Suddenly, I wanted to take another crack at my presentation. I didn’t know we could be funny. I didn’t know we could use props. Still, I couldn’t help chuckling to myself about Pepper the goldfish swimming in circles until he developed a kink in his side.

I mean, I thought that was funny—until I started feeling kind of fishy. As I began to recognize myself in that goldfish, my chuckling started to feel a little uncomfortable.

I’ve been swimming around in a certain set of circumstances for nearly nine years now. As I swim in circles, the scenery never changes. There’s the plastic seaweed, the treasure chest, and the rock.

Seaweed, chest, rock.

Seaweed, chest, rock.

Seaweed, chest, rock.

Around and around I go, with a gravel floor underneath me and a glass barrier surrounding me. I keep circling and circling, looking for a way out, but feeling hemmed in. While swimming loop after loop, I’m searching for clues, surveying my surroundings, seeking to make some new discovery that will lead to my escape.

Seaweed, chest, rock.

It suddenly occurred to me that the fish bowl that confines me is not my set of circumstances, but my response to those circumstances. In my heart there is an invisible barrier that leaves me feeling trapped and isolated. The glass enclosure says there is no hope on the inside, and no help from the outside.

But the fish bowl doesn’t really exist. It’s a deceitful suggestion of the enemy.When we believe the lie, we start swimming in circles, getting caught up in our own circular current.

To swim differently is a matter of seeing differently. We have to stop seeing barriers that are not there, and start seeing the invisible God who is there. Faith radically changes our view of things because we not only see the seaweed, the chest, and the rock, but we see Him.

And to see Him is to realize that we are swimming, not in a fish bowl, but in an infinite ocean of love and grace.

 Are you a “Pepper,” too? How have you engaged in fishy behavior?

 

 

12 thoughts on “Fishy Behavior

  1. Wow. Dave. Just, wow. Yeah, I’ve been the one swimming around in circles in my thoughts of rejection and condemnation. Soooo been there. Your profound “the fish bowl that confines me is not my set of circumstances, but my response to those circumstances.” Struck right where it needed to. That truth is impacting. I need to change the way I perceive my circumstances and respond differently. With the perspective that I am swimming in an “infinite ocean of love and grace.”

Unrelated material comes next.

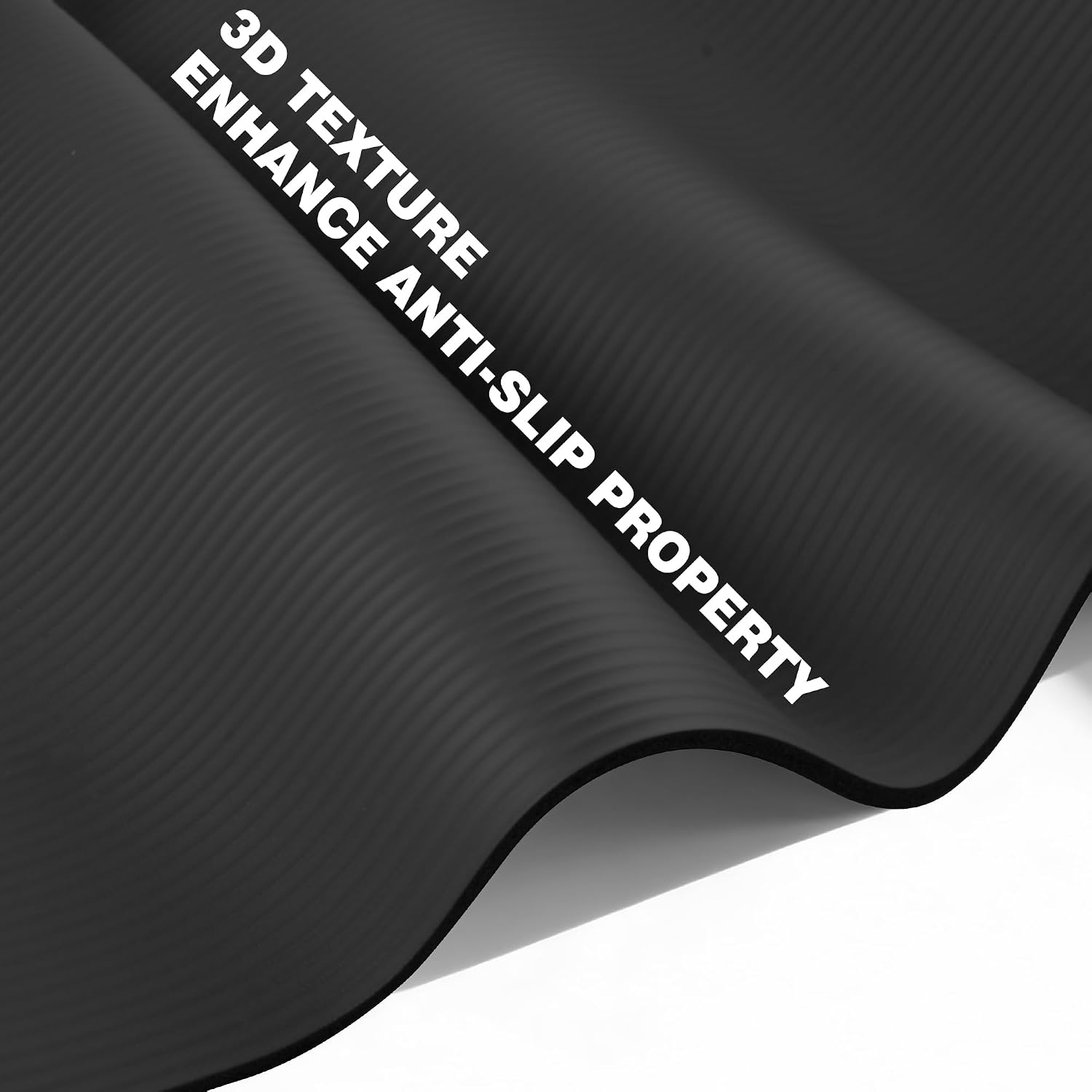 Thumbnail 6 de KEEP Extra Thick NBR Yoga Mat, 10mm Cushioning, Black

    So glad you’re blogging again. I was just thinking today, I missed your pictures and posts. 🙂

    • Jeanne, thank you for your warm ‘welcome back’ to blog-ville. I am so glad you found something in this post that connected with you. It took me a while to write this message because it took me a while to “hear” it. I’m still trying to let the truth sink in. Fishy habits, you know.
      Thank you for sharing something from your own experience and for helping me to process the truth about God and the ocean we’re swimming in.

  2. to see Him is to realize that we are swimming, not in a fish bowl, but in an infinite ocean of love and grace.
    What a truth! I copied it in a journal I keep in my purse to remind me.

  3. Ummmm……

    Dave, yeah, the bowl’s there, at least for me. Severe and unrelenting upper-abdominal pain (akin to a gunshot wound, and I know whereof I speak) bounds what I can do, and has pulled the limits in closer with each passing week. Right now, if I try to stand up from the computer, I will likely pass out. I’ll have to crawl to the sofa where I will try to rest. Not sleep. Just rest.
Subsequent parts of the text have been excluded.